The remand was required by the majority opinion authored by Judge Eric D. Miller and joined in by Judge William A. Fletcher. The issue was whether the U.S. Supreme Court’s 1985 decision in Batson v. Kentucky barring race-based peremptory challenges was properly applied in Nevada in the case of Antonio Lavon Doyle, an inmate in a state prison who was sentenced to death.
Miller wrote:
“[T]he Nevada Supreme Court unreasonably applied Batson in holding that when a court finds that certain prospective jurors were not excluded on the basis of their race, those jurors no longer count in assessing whether a defendant has established a prima facie case of discrimination with respect to other prospective jurors.”
Lee said:
“I ultimately disagree with the majority’s conclusion that the Nevada Supreme Court unreasonably applied Batson, given our deferential standard of review.

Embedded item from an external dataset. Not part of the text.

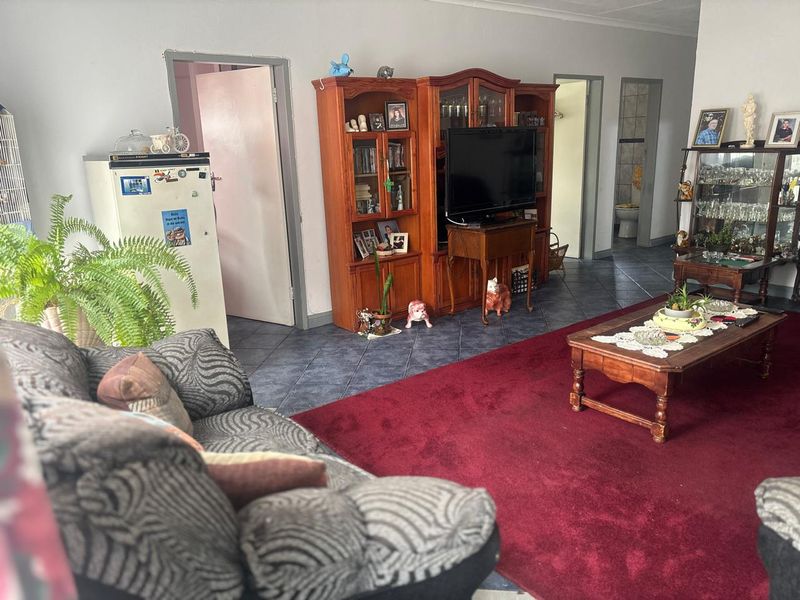 A living room area featuring dark tiled flooring, neutral wall finishes, and access to adjacent rooms.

But I mainly write to highlight how our habeas jurisprudence has gone astray once it became unmoored from its historical basis. Too often now, state prisoners (whose guilt is not in doubt) exploit federal habeas petitions to tinker with the machinery of the state criminal justice system—and ultimately delay or deny justice.”
He went on to say:
“In modern practice, habeas amounts to another bite at the apple for state criminal defendants, who use federal courts to second-guess decisions made by state courts. Not surprisingly, federal courts suffer from a major backlog of habeas petitions….
“As shown in our case, habeas petitions in death penalty cases too often become a device for delay or denial of justice. Doyle’s state murder trial occurred three decades ago. Given his confessions and forensic evidence, a jury found him guilty and state appellate courts repeatedly affirmed his conviction.
Yet thirty years later, we are now ordering a new evidentiary hearing to probe whether the deputy district attorney remembers his reason for striking a single juror. And it may lead to Doyle’s conviction and death sentence being vacated.
“Habeas has an honorable heritage: It is a powerful equitable writ to question improper and arbitrary detentions. But it is ill-suited, as are the federal courts, to relitigate matters first decided by state courts of competent jurisdiction decades ago. The Great Writ should not be reduced to a tactical tool of federal flyspecking even the most minute decisions made by state trial courts and imposing delays that tilt in favor of felons whose guilt is not in doubt.”
The prosecutor, David Schwartz, is now an adjunct professor at William S. Boyd School of Law in Las Vegas. Lee remarked:
“Any notes he may have had about the potential jurors are probably long gone. It is also not clear that Schwartz would recall many details of this three-decade-old case: He was admitted to the bar in 1976 and likely tried hundreds of cases during his long career as a deputy district attorney.”
The case is Doyle v. Royal, 20-99013.